The poems included in the collection reveal a remarkable poetic excellence. These poems aptly show profoundly imaginative power. No doubt, the poet is an adept in the intimate and convincing analysis of emotions.
BIO Having grown up in Massachusetts and Maine, Kenneth Weene still considers himself a broody New Englander. However, he lived for many years in New York, where he practiced as a psychologist and taught at various colleges. During the nineteen-eighties, Ken started writing, primarily poetry.
When he and his wife Roz moved to Arizona in 2002, Ken Weene's passion for writing bloomed. Since then, he has written a stream of words including five novels, many short stories, essays, two plays (co-written with his friend Umar O Abdul), two novellas, and a number of poems.
Many of Ken's poems have been published in print and on the internet. This collection, selected by the poet, reflects his highly personal approach to poetry and to life. He sees his writing, and especially his poetry, as being a way to better understand the world as he has experienced it, as a continuation of the psychoanalytic process.
“Boxes in the Attic,” an excellent poem, introduces us to a troubled family that will be featured later in this collection. Kenneth Weene writes that “Memory of the dead is a luxury / we were taught to scorn.” This one statement tells us a great deal about the family and makes us ask why. Do they scorn such memory because Benjamin, the father’s brother died young? Could one death explain all or part of the family’s coldness? Perhaps. In “à quoi bon” (Is there ever a point), the poet shares his bitter memory of his parents: “in the end both are ghosts / and I argue with the dead / can the dead hear / do they have ears / did they / when living / care”.
“Argue with the dead.” These words resonate. I suspect that arguing with the dead is something that many of us do. In a sense the dead are not really dead for they live on in our hearts and souls. Day after day, we continue to relitigate the past even though the verdict can never change. This is a depressing but also profound truth.
Other poems are equally dark but in a different way. The poet comes from a Jewish background, and in “Holocaust Rag” he questions the possibility of true love during a holocaust when you can die in a single moment. “In the piled high of bodies / being mined for toothless gold / we’ll search for each other / in the terror of our souls.” Another poem, “Pirate burial,” informs us that “The Nazis erected no monuments, no stories / just recorded numbers instead of names.” In “Selling the family home,” “the purple stain” on the floor evokes the still painful memory of a lost love.
Elsewhere we find lighter, more inspiring or comforting fare. Weene makes us look at an “Antique Jar” with new eyes: “I make you mine to hold the past.” “Engraved” offers a “cloven rock” where “wedged from view, / a boy who did not wish to be sought” could find refuge. In turn, “Dressing for Leonard (Bernstein)” provides an updated version of West Side Story with Slick and Jasmine being the new lovers. Love poems also abound, and there is wit, as in the superb last stanza of “I found a strand of gray hair”:
As I grow old such reveries take hold of me most cleverly; each becomes a strand of me trapped in a spider’s web.

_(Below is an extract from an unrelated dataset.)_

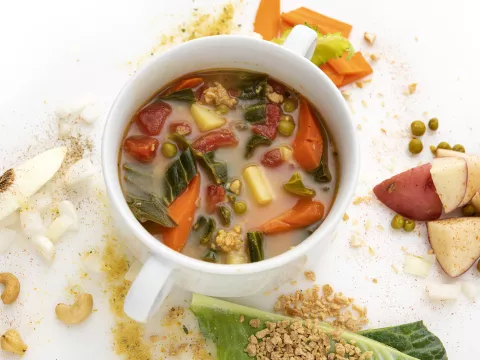 Bowl of Hungarian stew with potato garnish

Coursing contains something for just about everybody. The wife of a sultan who has never sexually touched her; a “slim, stiff, elegant” clarinet teacher who “waved / beauty into being”; a Beacon Hill Christmas; a “column of ants”, the musicality of verse, etc. The collection concludes with a dandy villanelle, “For Roz while listening to the music of Bill Evans”. It asks all-too-common questions: “Must that attraction we once felt now end? / Does such love have to give true lovers pain?” The answer as always seems to be both yes and no.
While reading Coursing, I wondered about the reason for the title. The cover shows a river, which follows a course, just as we follow our course or courses in life. Or perhaps the title echoes lines such as those in “Meditation on a new coffee pot” where tears “trace” other rivers, “the lines worn in my face”. There are other possibilities as well, including one that involves hounds chasing hares. Either way, Coursing is a collection well worth having.
Disclosure: I received this book for free in exchange for a review. The opinions expressed are entirely my own.